The BPD contains high quality phytoplankton count data of several decades and its associated abiotic data. As the BPD is a compilation of different research projects users should be aware of the following before usage. During the last decades, different protocols were used. For example, the sample collection method, the storage of the samples and the preservation methods can differ. In addition, cell counts have been performed by several researchers. In addition to variable levels of taxonomic expertise and difference in species concepts, it is a well-known fact that taxonomic skills can improve even during the careers of single taxonomists (as a result of growing expertise, but also better analytical tools and identification guides). This personal component in microscopic taxonomic determination can never be excluded completely30. All data present in the BPD however were obtained in well-equipped Belgian laboratories known for their high research standards and having extensive expertise in the field of phytoplankton identification and/or taxonomy. Therefore, the phytoplankton identifications and counts are considered to be generally solid.

Throughout the dataset diatom and dinoflagellate records are dominant (Table 3). Variation in taxon richness (number of accepted AphiaIDs) per sample in the BPD is shown in Fig. 4a. The peaks at 1 and around 60 can be attributed to specific projects. For example, the AMORE, AMOREII_VUB-ECOL and IPMS-PHAEO projects only focused on a few specific groups (such as the Bacillariophyceae (as a whole), Phaeocystis and Noctiluca), which explains the large number of samples for which only a single group is reported. The peak around 60 is mainly due to the AMORE II and III projects. In these projects, many taxa per sample get the same (low) density of 100 cells L−1. As zero values are absent for these samples, we suspect that these entries concern some indication of the fact that these species were under the detection limit. As we cannot be sure what these values mean, we have decided to leave them as they are in the dataset.

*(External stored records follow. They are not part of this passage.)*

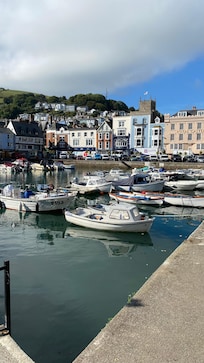 Dartmouth inner boat harbour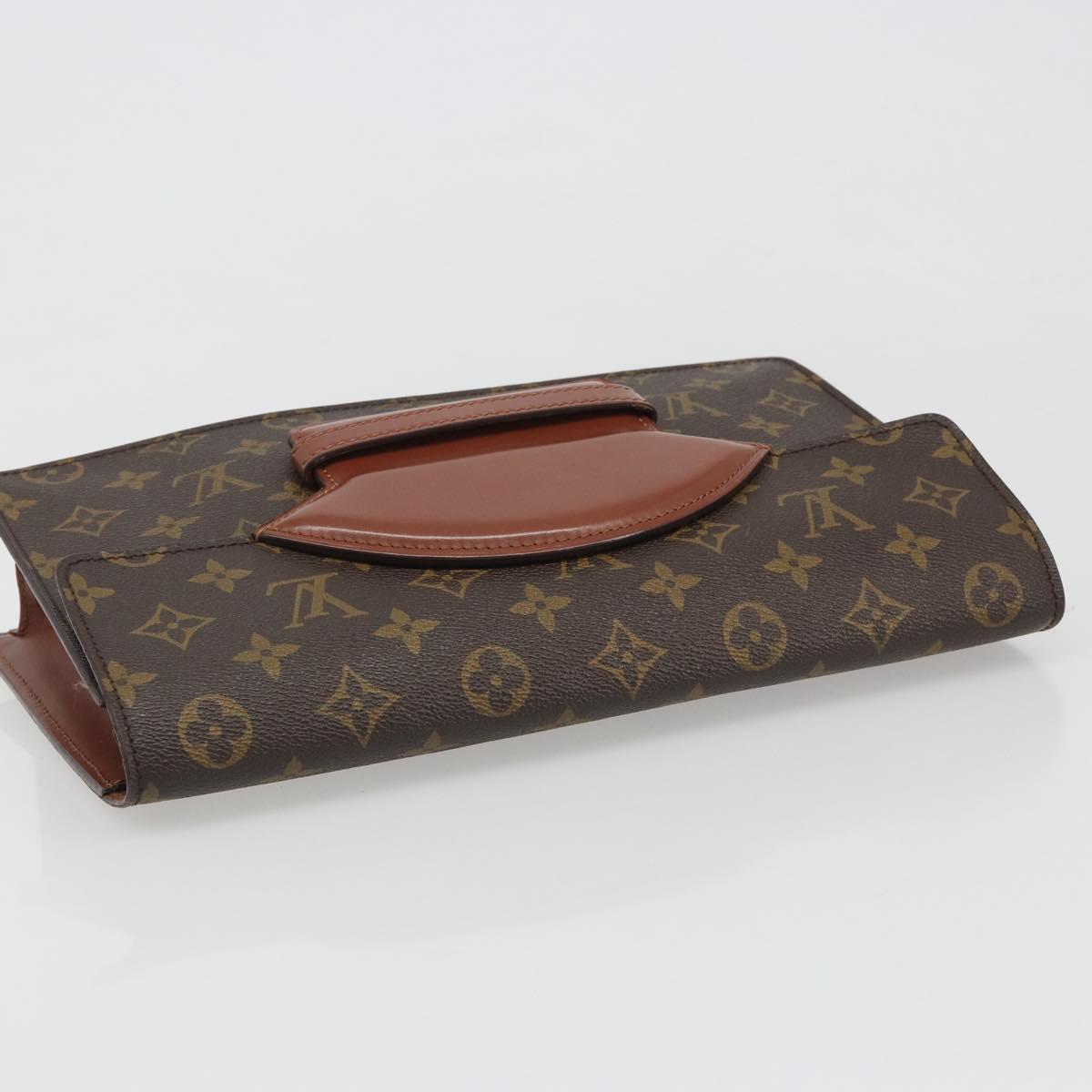 LOUIS VUITTON Monogram Chaillot Clutch Bag M51786 LV Auth 187436A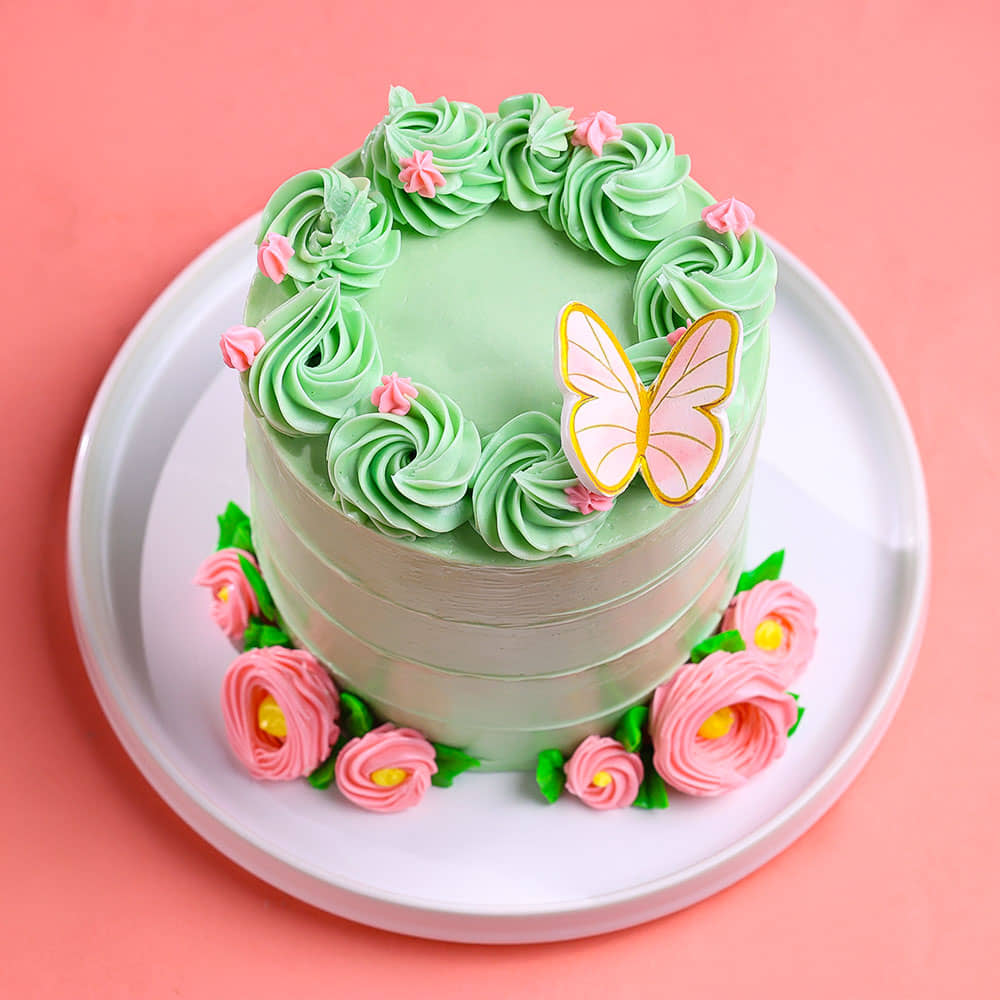 Pearls N Car Bento Cake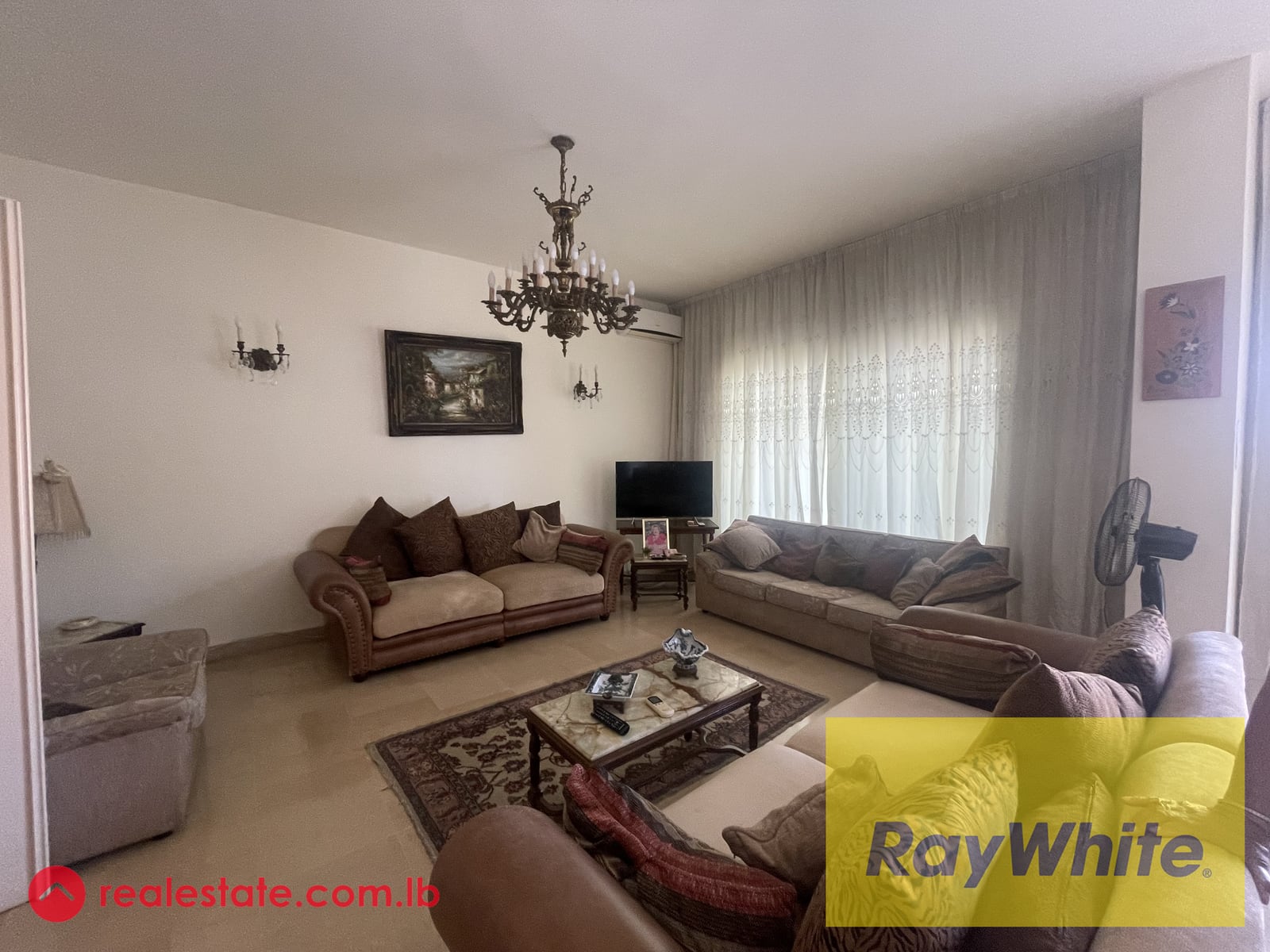 Furnished Apartment for Rent in Antelias — Hub Realtors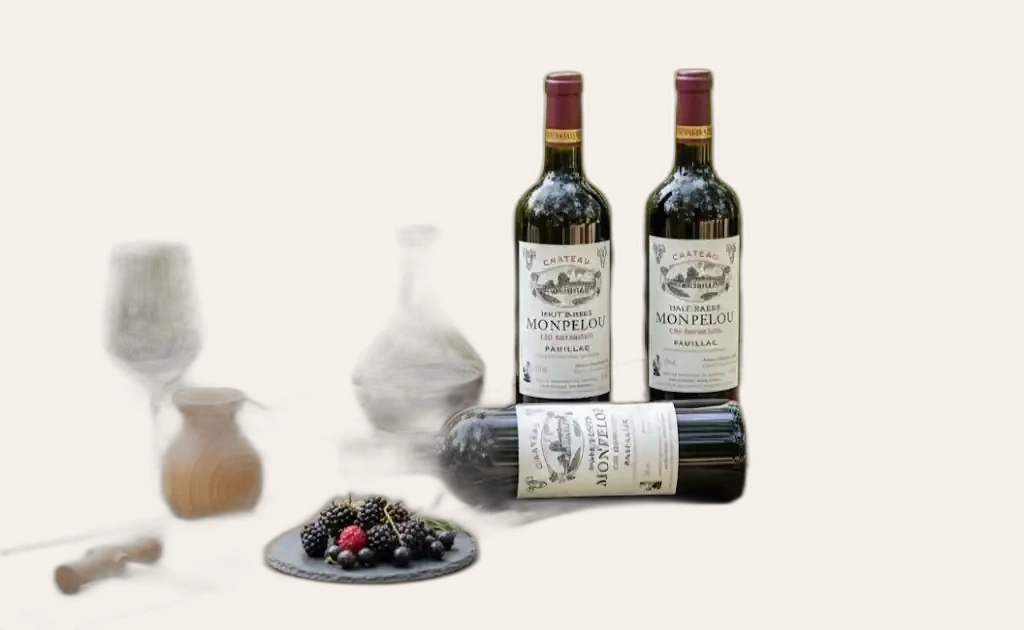 Vang Đỏ Chateau Haut Bages Monpelou Phong Phú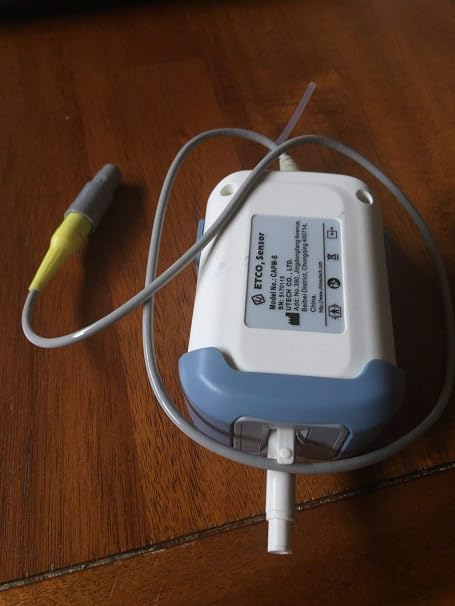 Sidestream Capnography (ETCO2) Sensor (Module) with Lemon Connector for UTMD Monitors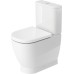 WC pods D-Code, univers.izv.ar SC vāku, Duroplast,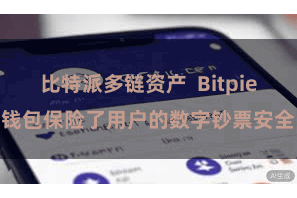 比特派多链资产 Bitpie钱包保险了用户的数字钞票安全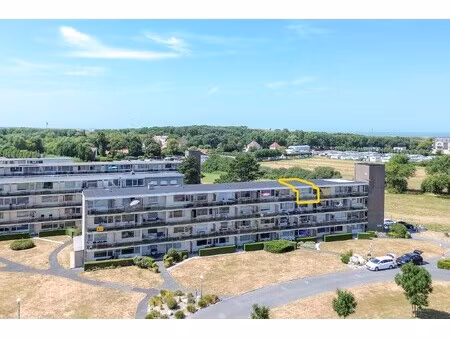 appartement te koop in de haan met 1 slaapkamer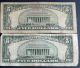 One 1953c $5 United States Note & One 1953 $5 Silver Certificate (c62740225a) Small Size Notes photo 1
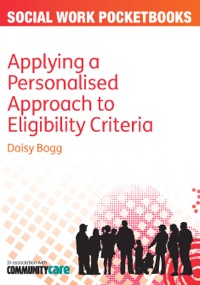 Cover image: Applying A Personalised Approach To Eligibility Criteria 1st edition 9780335245154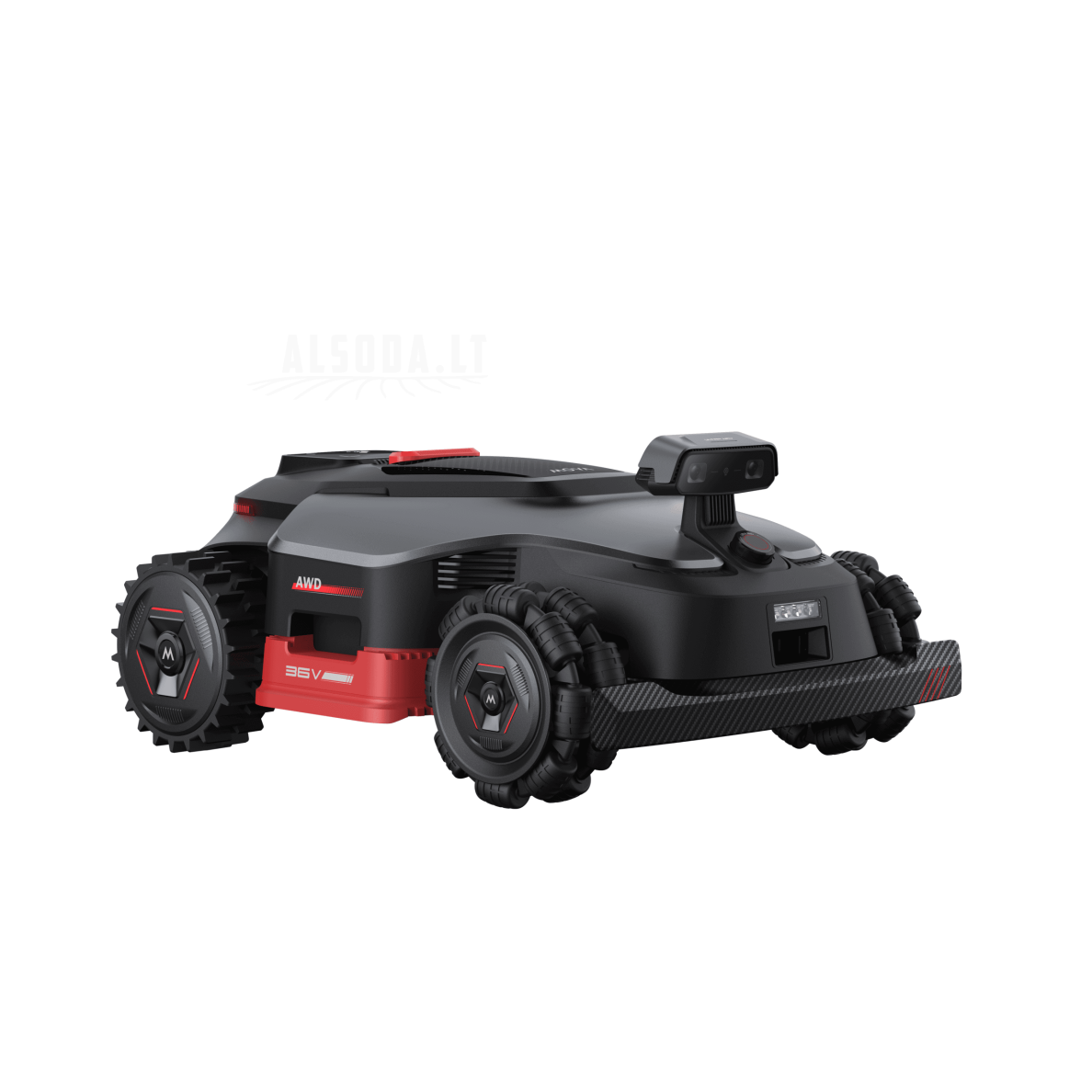 Belaidis vejos robotas MOVA NaVAX AWD 3500 5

Figure 4: Summary statistics of the phytoplankton records.
figure 4

(a) Frequency distribution of the number of accepted AphiaIDs in the BPD, (b) Histogram of the logarithmically transformed biovolumes (log10 μm3 sample−1) per sample of the most common phytoplankton species.

In addition, missing metadata (e.g. coordinates of sampling location) can limit the usability of some data records. Despite these caveats, the BPD is the only Belgian phytoplankton database which contains data going back almost five decades. It is a comprehensive and thoroughly quality checked integrated data series which includes reliable data on phytoplankton in the BPNS for marine researchers and other interest groups (Fig. 4b).

Usage Notes

The BPD can be used to study spatio-temporal changes in phytoplankton community structure in the BPNS and adjoining areas in the period 1968-2010. Inter-annual as well as seasonal patterns can be studied (Fig. 5). Data can be analysed at the species level, but also aggregated data like e.g. total diatom or total dinoflagellate abundances can be analysed and community indices like diatom to dinoflagellate abundance ratios can be calculated. Furthermore, multivariate community analysis with e.g. ordination methods or general additive mixed modelling is an interesting field of study.

Figure 5: Heatmaps with colour key and histogram of the monthly logarithmic mean abundances of a selection of phytoplankton species reported in the Belgian Phytoplankton Database (BPD).
figure 5

Colours indicate the monthly mean logarithmic density (log10 cells L−1) of the species. a: Records dating from 1968 to 1978, b: Records dating from 1994 to 2010.

Additional information

How to cite this article: Nohe, A. et al. Marine phytoplankton community composition data from the Belgian part of the North Sea, 1968-2010. Sci. Data 5:180126 doi: 10.1038/sdata.2018.126 (2018).